▶ [EXERCISE BRIEF]:
The lines below, from the one containing "Transparent Acrylic Beads, AB" through the one containing "Chicken Teriyaki Bento", should be set down exactly, with no pictures and nothing else.

▶ [EXERCISE INPUTS]:
::::

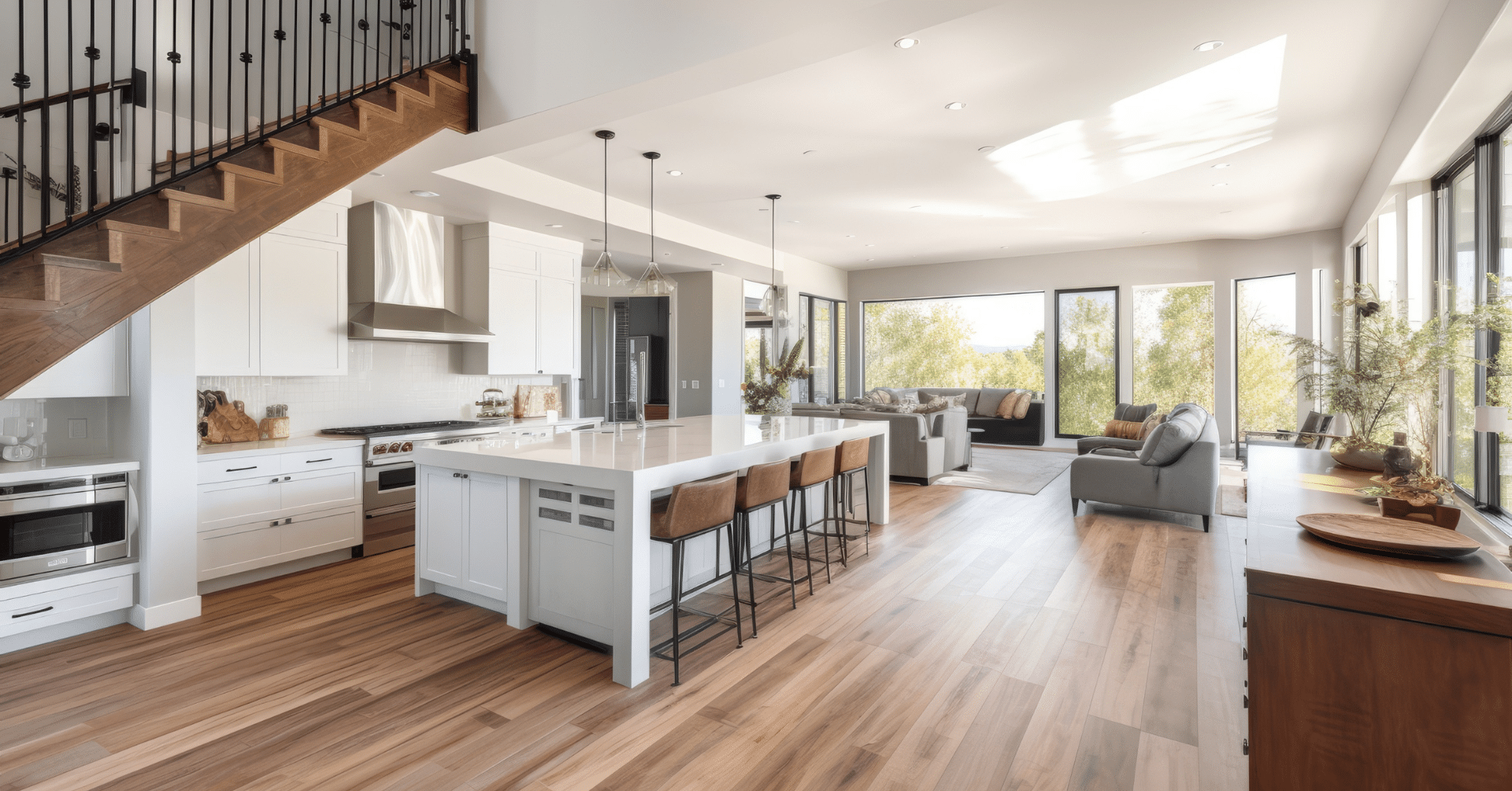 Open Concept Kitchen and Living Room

::::

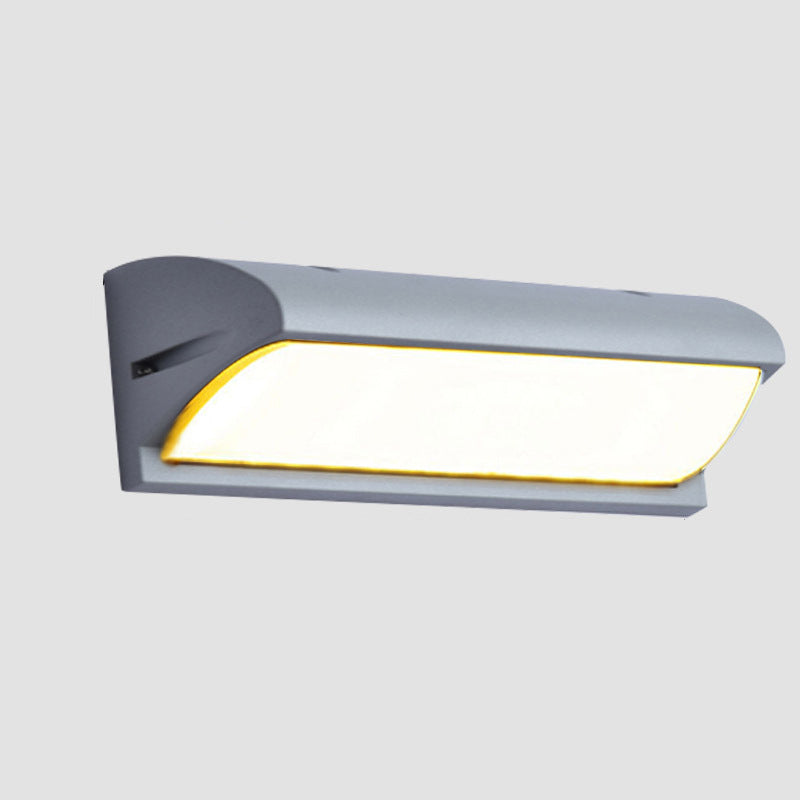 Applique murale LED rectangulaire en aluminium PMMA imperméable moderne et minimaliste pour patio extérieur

::::

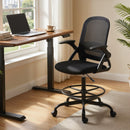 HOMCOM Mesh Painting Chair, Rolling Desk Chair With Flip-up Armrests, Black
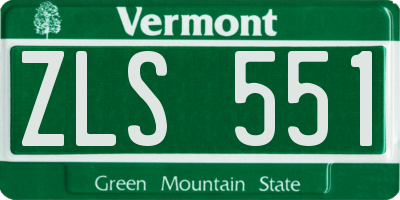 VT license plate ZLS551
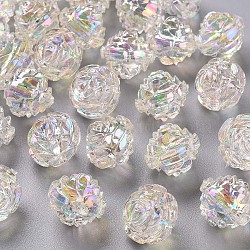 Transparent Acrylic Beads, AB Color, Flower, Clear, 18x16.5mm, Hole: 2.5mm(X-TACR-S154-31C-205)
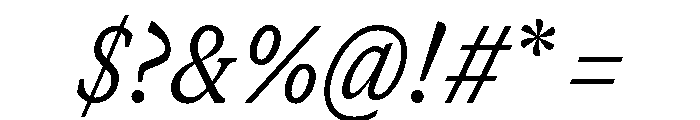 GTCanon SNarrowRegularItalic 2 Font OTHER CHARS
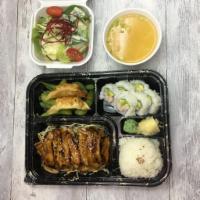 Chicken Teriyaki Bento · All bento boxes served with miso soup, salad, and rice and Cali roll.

::::

▶ [OUTPUT OF THE EXERCISE]:
 Transparent Acrylic Beads, AB Color, Flower, Clear, 18x16.5mm, Hole: 2.5mm(X-TACR-S154-31C-205)
 GTCanon SNarrowRegularItalic 2 Font OTHER CHARS
 Chicken Teriyaki Bento · All bento boxes served with miso soup, salad, and rice and Cali roll.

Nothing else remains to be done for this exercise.